### Exercise requirements:
In your copy, leave out the pictures and reproduce the listing below exactly.

##### Data #####

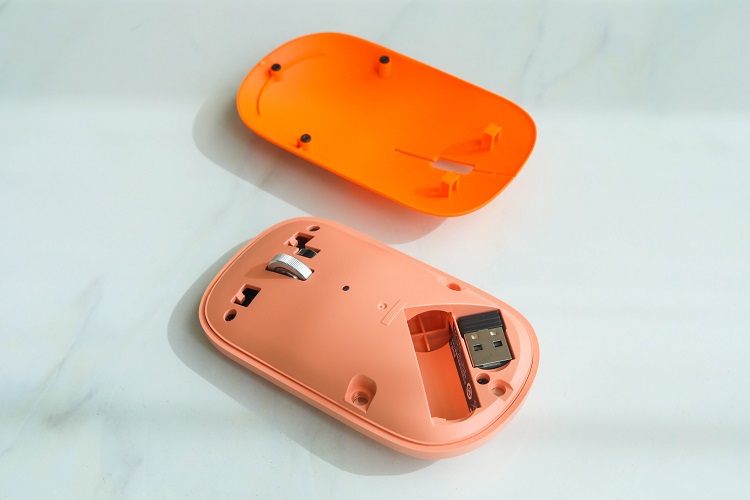 意昂2-品质新体验,数码选意昂2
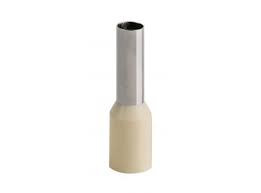 وایرشو تک 16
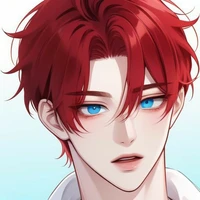 Maxwell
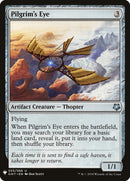 Pilgrim's Eye [Mystery Booster] - The Mythic Store | 24h Order Processing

#####

### Written response:
 意昂2-品质新体验,数码选意昂2
 وایرشو تک 16
 Maxwell
 Pilgrim's Eye [Mystery Booster] - The Mythic Store | 24h Order Processing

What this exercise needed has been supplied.